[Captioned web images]
□ □ □ □ □ □ □
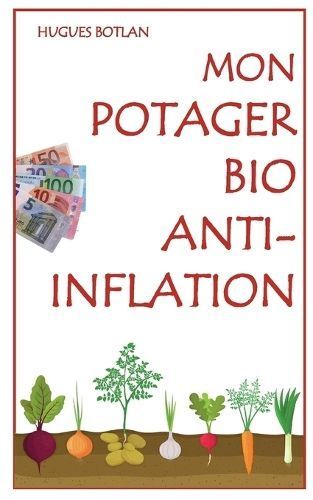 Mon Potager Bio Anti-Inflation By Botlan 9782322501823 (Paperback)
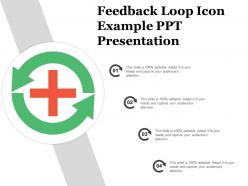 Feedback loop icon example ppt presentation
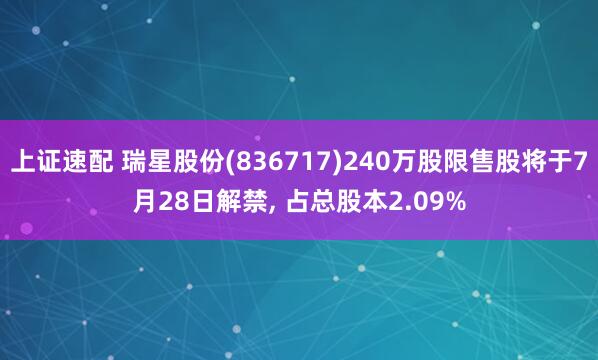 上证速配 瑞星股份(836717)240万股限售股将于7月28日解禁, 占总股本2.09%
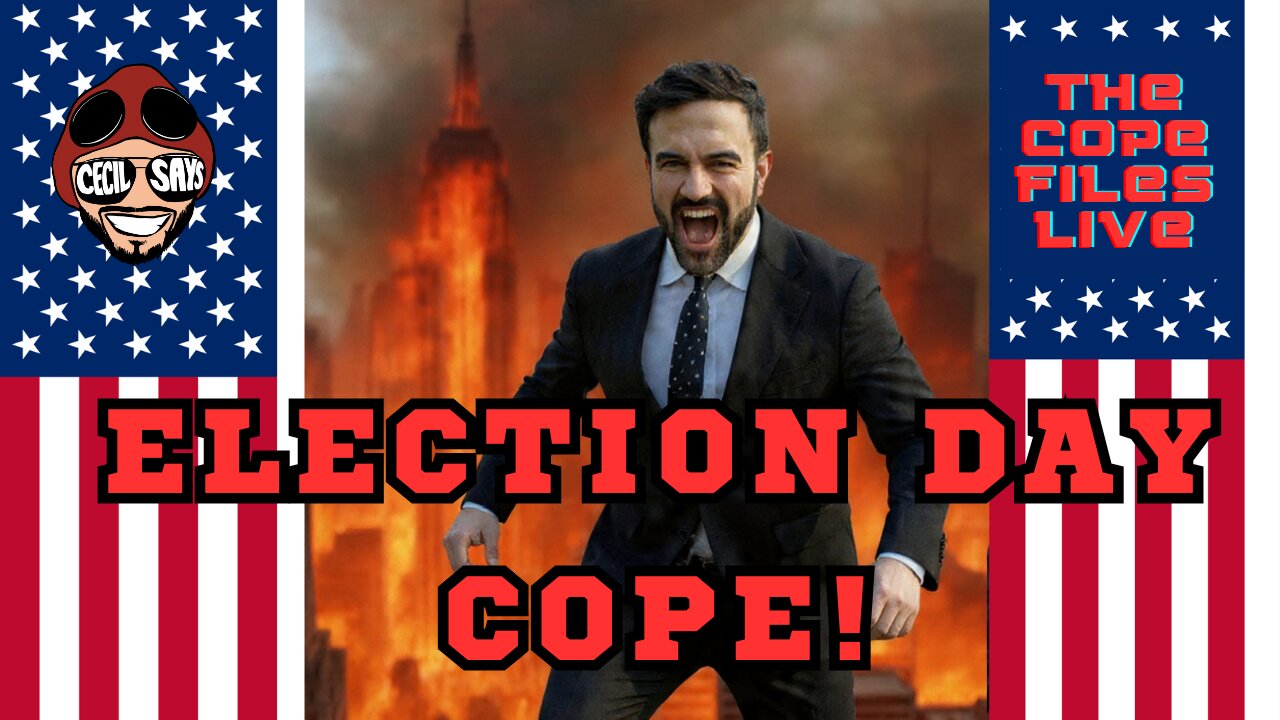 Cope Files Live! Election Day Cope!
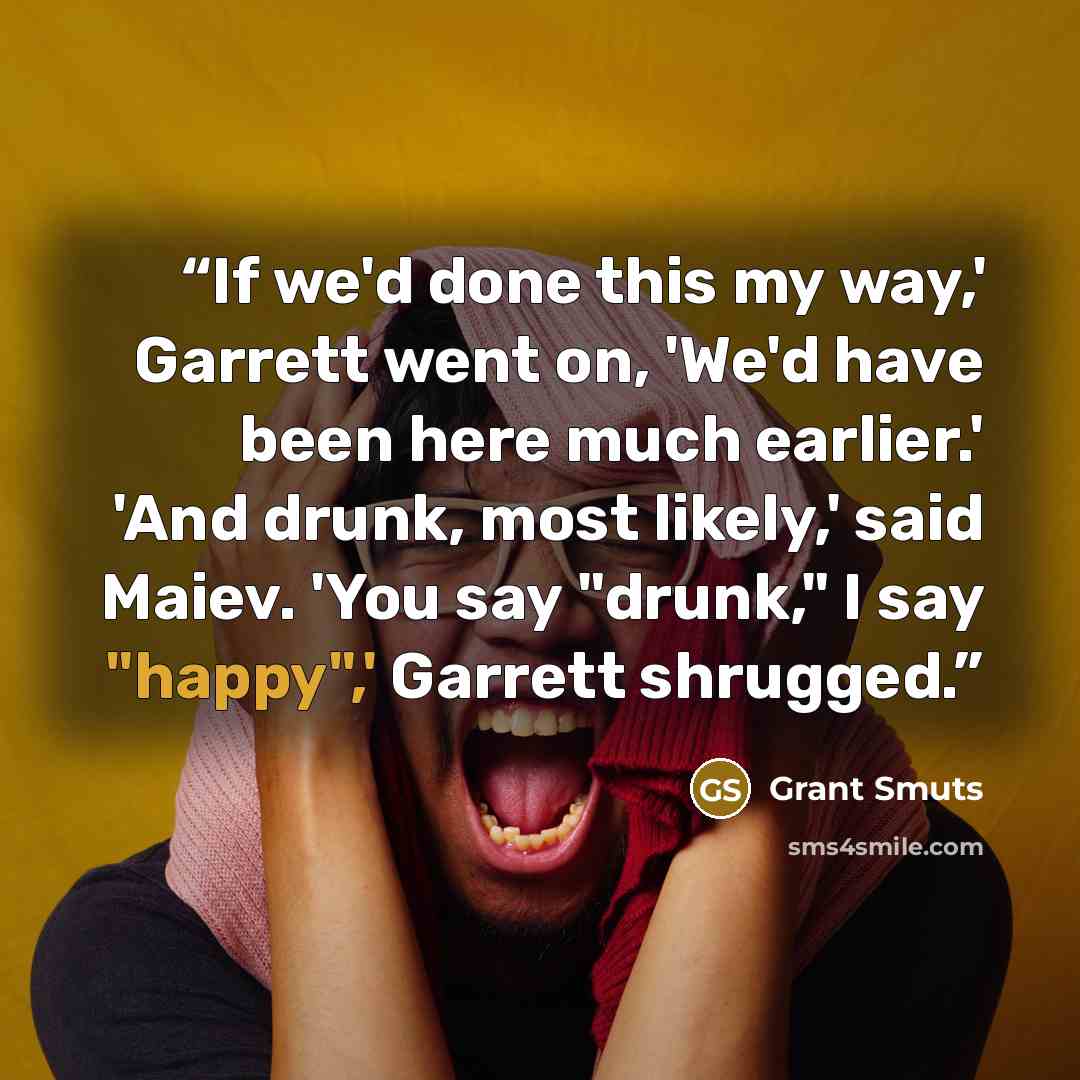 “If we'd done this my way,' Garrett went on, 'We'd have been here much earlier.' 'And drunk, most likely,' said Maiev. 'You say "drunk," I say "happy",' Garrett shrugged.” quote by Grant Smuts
□ □ □ □ □ □ □
* [Exercise description]: In the records above, find the line that contains "Feedback loop icon example ppt presentation" and repeat exactly that line and all lines after it to the end. Do not include pictures.

* [Result of the task]:
 Feedback loop icon example ppt presentation
 上证速配 瑞星股份(836717)240万股限售股将于7月28日解禁, 占总股本2.09%
 Cope Files Live! Election Day Cope!
 “If we'd done this my way,' Garrett went on, 'We'd have been here much earlier.' 'And drunk, most likely,' said Maiev. 'You say "drunk," I say "happy",' Garrett shrugged.” quote by Grant Smuts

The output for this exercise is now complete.